Em vez de criminosos, desde 2007 o prédio guarda cartazes e trajes típicos da Festa do Divino, uma das principais atrações turísticas do lugar. Por R$ 2, o visitante vê, distribuídos em dois andares, vídeos, formas de doce de limão tradicionalmente distribuídos às crianças durante as festas, máscaras coloridas usadas nas Cavalhadas, entre outros apetrechos.
Na saída, é possível desfrutar um agradável almoço em um restaurante de varanda, às margens do rio. Crianças correm com boias coloridas pela mesma calçada para onde as grades da antiga prisão dão de vistas. O TripAdvisor, rede social de compartilhamento de dicas de viagem, tem mais de 6 mil fotos do museu. Turismo puro.
Quando foi fechada, a condição era que a cadeia passasse a funcionar em outro lugar, mais condizente com as construções do século 20. Uma obra chegou a ser levantada na cidade, mas foi embargada por uma ação civil pública em 2009. O argumento: o tal presídio seria em perímetro urbano, o que é proibido. Ficou por isso mesmo. Um museu e nenhuma cadeia.
“Não acreditamos que a Justiça siga com essa ordem. O museu não pode receber presos. Imagina só, aquilo é um cenário”, argumenta, perplexo, o secretário de Cultura da cidade, Beto Rego. A decisão da prefeitura, então, foi recorrer. O departamento jurídico do órgão já pediu o adiamento do prazo de desocupação e, tão logo os processos voltem a tramitar, deve também ajuizar o recurso que, em outras palavras, argumenta ser absurda a exigência do Judiciário.
“O prédio é tombado pelo Iphan. Isso significa que não pode ser reformado. E, como está hoje, não tem condições de virar cadeia”, diz a procuradora-geral de Pirenópolis, Bruna Vellasco. O museu tem dois andares. Duas celas do térreo foram preservadas. São salas amplas, de piso e forro de madeira.
Duas janelas grandes de grades xadrezes, como nos tempos da construção da cidade, nos idos de 1700, dão de frente para a rua, feita de pedras. A um quarteirão dali, estão os mais famosos restaurantes de Pirenópolis. A antiga delegacia, fechada a tempo de não cair sobre a cabeça dos policiais, compartilha uma parede com a construção.
“Além de o local não ser adequado, ainda onera o município porque um presídio funcionando certamente vai degradar o prédio. E a multa do Iphan, nesse caso, é alta”, afirma a procuradora. “Fora a localidade. Ali é o ‘centro do centro’ histórico. É o lugar mais turístico da cidade. Nem mesmo os moradores e comerciantes querem uma cadeia ali”, emenda.
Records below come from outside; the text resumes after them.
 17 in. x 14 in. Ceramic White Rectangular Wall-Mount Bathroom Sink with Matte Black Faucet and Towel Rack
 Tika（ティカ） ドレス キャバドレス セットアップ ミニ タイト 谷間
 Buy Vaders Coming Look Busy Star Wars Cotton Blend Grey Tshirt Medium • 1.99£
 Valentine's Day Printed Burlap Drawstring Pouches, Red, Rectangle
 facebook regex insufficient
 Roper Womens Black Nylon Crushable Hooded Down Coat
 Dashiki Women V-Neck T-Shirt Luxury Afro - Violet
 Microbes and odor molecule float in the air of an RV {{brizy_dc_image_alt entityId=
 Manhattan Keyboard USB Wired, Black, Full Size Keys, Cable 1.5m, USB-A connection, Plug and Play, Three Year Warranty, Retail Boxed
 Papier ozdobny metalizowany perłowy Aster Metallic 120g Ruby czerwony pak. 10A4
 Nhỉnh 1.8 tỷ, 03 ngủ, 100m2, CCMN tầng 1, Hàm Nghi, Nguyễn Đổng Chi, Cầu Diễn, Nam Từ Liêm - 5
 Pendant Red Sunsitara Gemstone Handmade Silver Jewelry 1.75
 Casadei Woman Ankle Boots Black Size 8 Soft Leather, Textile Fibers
O secretário de Governo de Pirenópolis, Adriano Gustavo de Oliveira, assina embaixo e endossa o drama. Chama de “catástrofe” a troca de um espaço cultural por um centro de custódia de criminosos. “Primeiro pelo local. Depois, porque aquele prédio não oferece nenhuma segurança à população como cadeia. Você viu, as janelas dão para a rua. A cidade perde culturalmente e perde financeiramente”, argumenta.
Em ritmo de emergência, o governo do estado até que começou a se mexer. Na última semana do ano passado, se reuniu com a Polícia Civil de Anápolis para tratar do futuro da polícia pirenopolina. A delegada Aline Vilela, responsável pela comarca de Anápolis e Pirenópolis, deixou o encontro com a promessa de que Piri não apenas terá uma delegacia e um centro de custódia provisório, como ela será a “mais moderna do estado”.
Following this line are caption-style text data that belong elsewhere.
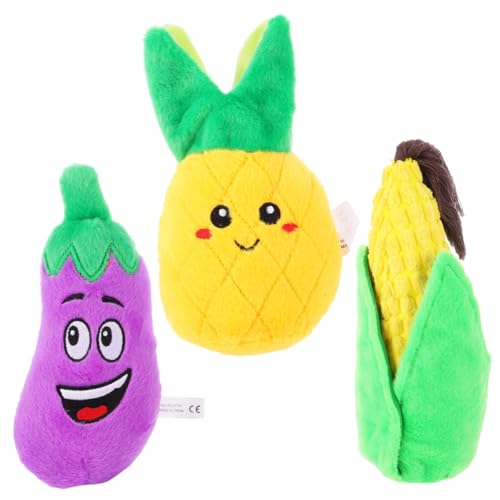 BCOATH Pädagogisches Haustier-Spielzeug-Set 3-teilig Quietschspielzeug für Hunde und Katzen gefülltes Obst und Gemüse lustiges interaktives Spiel BCOATH Pädagogisches Haustier-Spielzeug-Set 3-teilig Quietschspielzeug für Hunde und Katzen gefülltes Obst und Gemüse lustiges interaktives Spiel von BCOATH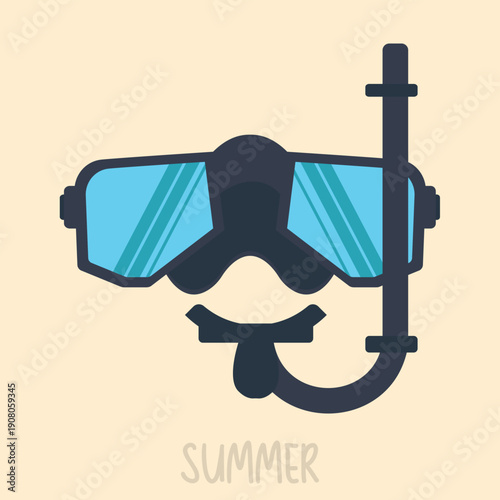 Scuba diving mask. Fun cartoon illustration. Icon for a brochure design about recreation and diving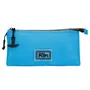 Oh My Pop Estuche Portatodo Triple Mesh Cyan Neon Azul con Tres Compartimentos 11x23x7 cm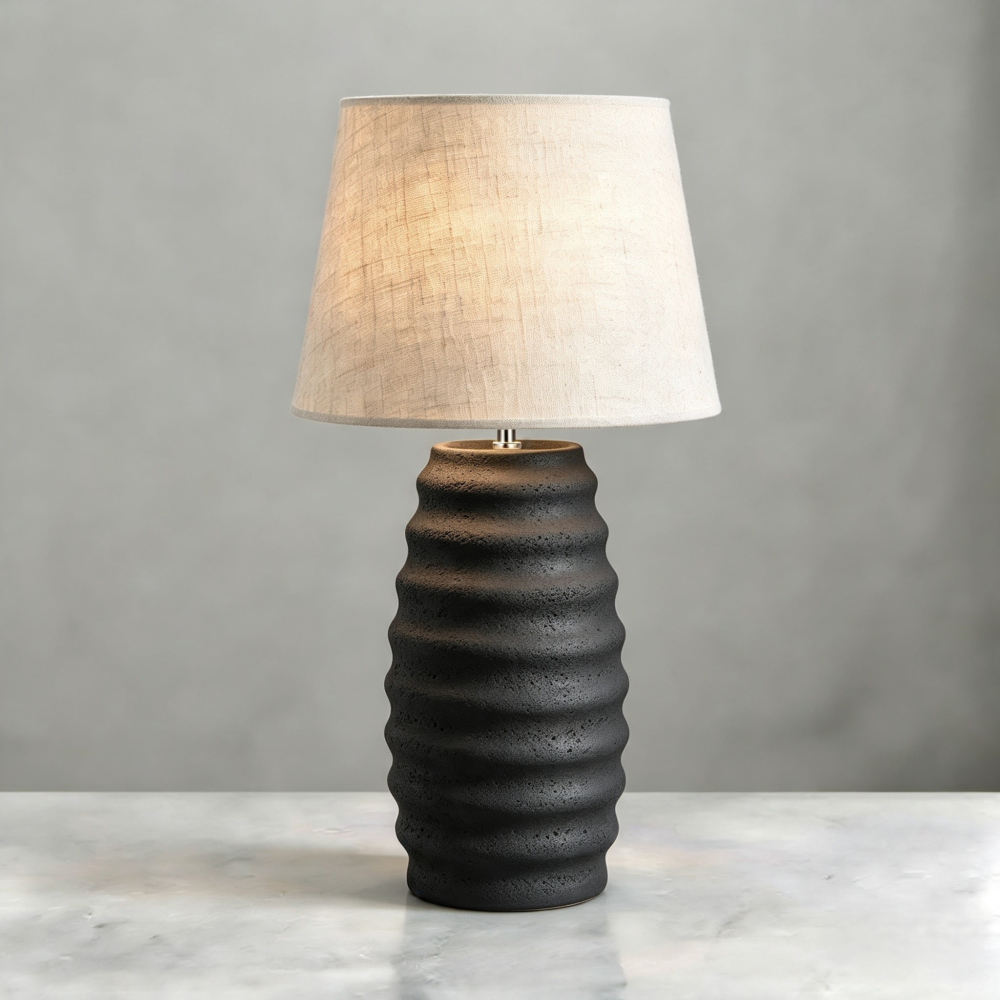 Ripple Ceramic Table Lamp in Cement Effect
O boato já chegou aos policiais aninhados no sobrado. “Ouvi dizer que vai ter toda a estrutura, as salas todas, estacionamento…”, comenta a escrivã Micheline. O prédio já está semipronto: seria a tal cadeia que teve a obra embargada em 2009. Segundo a Polícia Civil de Goiás, contará com “total segurança, amplo estacionamento, novas viaturas e novos agentes.”
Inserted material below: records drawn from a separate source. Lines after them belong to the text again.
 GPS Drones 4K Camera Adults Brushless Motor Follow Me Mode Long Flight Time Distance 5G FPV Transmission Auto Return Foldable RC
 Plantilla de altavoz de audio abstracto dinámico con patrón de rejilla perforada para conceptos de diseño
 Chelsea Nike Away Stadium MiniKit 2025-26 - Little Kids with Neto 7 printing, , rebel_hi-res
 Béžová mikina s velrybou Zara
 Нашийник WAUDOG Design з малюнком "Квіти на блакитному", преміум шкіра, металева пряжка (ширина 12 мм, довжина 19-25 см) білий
Ganhará ainda, como consta na promessa, novas funções: vai funcionar como Central de Flagrantes e Delegacia do Turista 24 horas (hoje o esquema é de plantão voluntário: 48h nos finais de semana). A obra tem previsão de conclusão em abril e, de acordo com um assessor da delegada, já está em fase de licitação. Até lá, os inquéritos seguem acumulados (porém secos) e o canil continua como único abrigo temporário de bandidos.